Copy UTF-8 encoded text into clipboard

Copy UTF-8 encoded text into clipboard

15
Basic UserBasic User
15

    Jul 02, 2015#1

    I am using UltraEdit as an external editor of Stata 14. Stata uses UTF-8 encoded text (without BOM) in command files (so called do-files).

    To send (sections of) command files edited by UltraEdit directly to Stata I am using two AutoIt3 programs (rundo and rundolines defined as UltraEdit tools) written by Friedrich Huebler (see http://huebler.blogspot.ca/2008/04/stata.html) that allow to integrate external editors with Stata. rundo invokes Stata to run the complete command file from the disk, whereas rundolines copies selected parts of the command files into a temporary command file and invokes Stata to run this temporary file. If I save and edit the command file as a UTF-8 encoded file, calling rundo as an UltraEdit tool works fine.

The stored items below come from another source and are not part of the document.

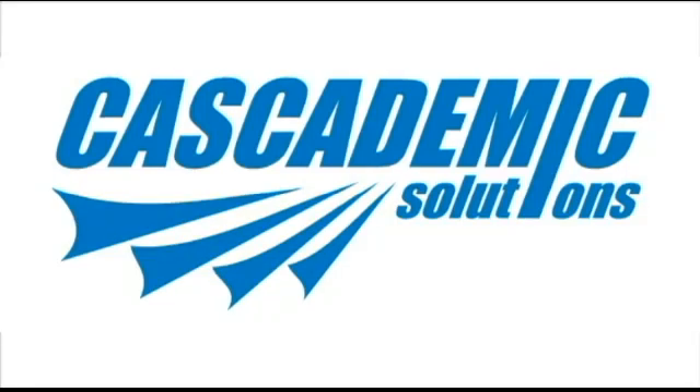Welcome. This is a small video tutorial of the smart water meter designed by Kaskademic Solutions India.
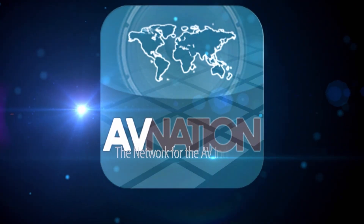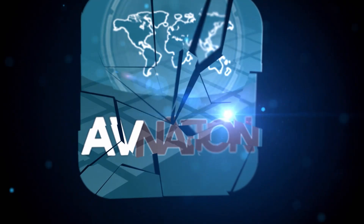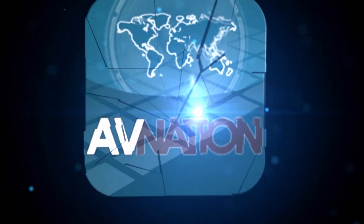The network for the AV industry. This is AV Nation.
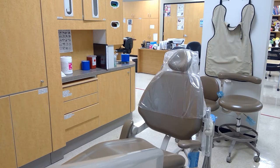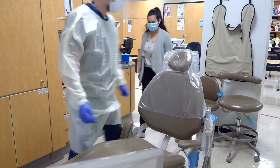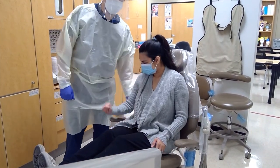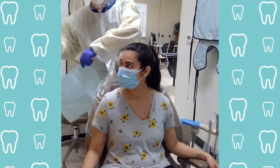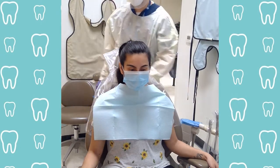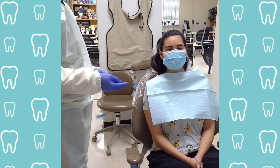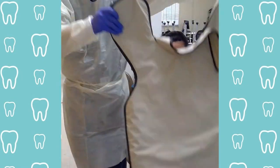Bring your patient in. Be sure to guide and navigate them to the chair and watch as they get in in case of any falls. Bring the armrest up to secure them. Begin by placing their patient bib over them. During this time be sure to ask any important questions — allergies, pregnant, anything that may affect our process.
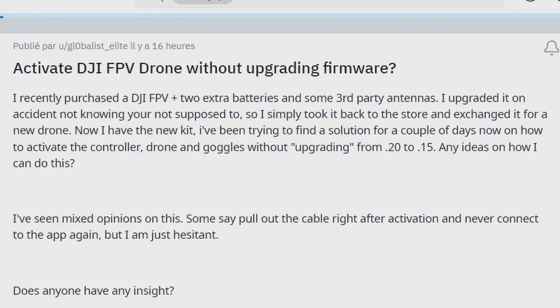Activate DJI FPV drone without upgrading firmware. I recently purchased DJI FPV Plus with 2 extra batteries and some 3rd party antennas. I upgraded it by accident, not knowing you're not supposed to. So I simply took it back to the store and exchanged it for a new drone. Now I have a new kit.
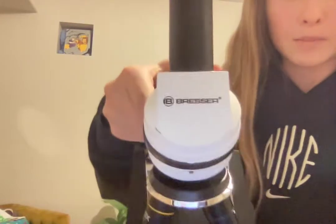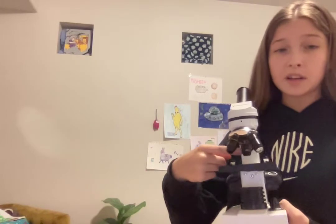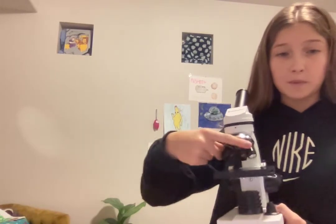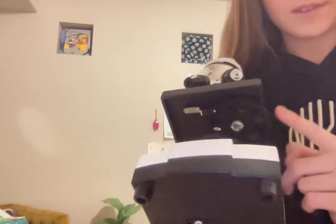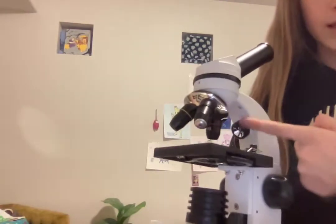This is a Bresser microscope. It's really nice. It goes up to 4 times, 10 times, and 40 times magnification. It has light color filters and three power settings for the light.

    However, using rundolines together with UltraEdit does not work as it should - it seems as if it is not possible to copy UTF-8 encoded edited in UltraEdit into the clipboard. The idea of rundolines is (1) to copy selected lines of from the editor into Windows' clipboard, (2) retrieve the user specific path of the temp directory, (3) create the temporary file "statacmd.tmp", (4) paste the commands from the clipboard into this file and place it into this directory, (5) activate Stata and (6) let Stata read and execute the commands of temporary file.

    Unfortunately, even if a file with UTF-8 encoded text is edited in UltraEdit, copying UTF-8 encoded texts from UltraEdit into the clipboard seems to change them into a different encoding such that Stata will not display umlauts such as ä, ü, ö, or ß properly.

    To fix this problem I inserted the following AutoIt3 script into line 60 of rundolines.au3 (the file is available at the link given above):

    Code: Select all

    ; ---------- fix for UltraEdit 22.10: ---------
    ; Open temporary file in editor
    $tempfile3 = " " & $tempfile
    Send("^o")
    Sleep($clippause)
    Send($tempfile3 & "{Enter}")
    Sleep($clippause)
    ; Convert file to UTF-8 coding (assumes UltraEdit's keyboard assignment to convert ASCII to UTF-8 is <Alt-u>)
    Send("!u")
    Sleep($clippause)
    ; Save and close temporary file (assumes UltraEdit's keyboard assignment to close a file is <Alt-s>)
    Send("^s")
    Send("!s")
    ; ---------- end fix for UltraEdit. ------------
    Note that in my case $tempfile of the script contains the path and file name "C:\Users\Enzmann\AppData\Local\Temp\statacmd.tmp". The idea of the fix is (1) to open the temporary files created by rundolines in UltraEdit, (2) convert the file from ASCII to UTF-8 (editable) and (3) save and close the file.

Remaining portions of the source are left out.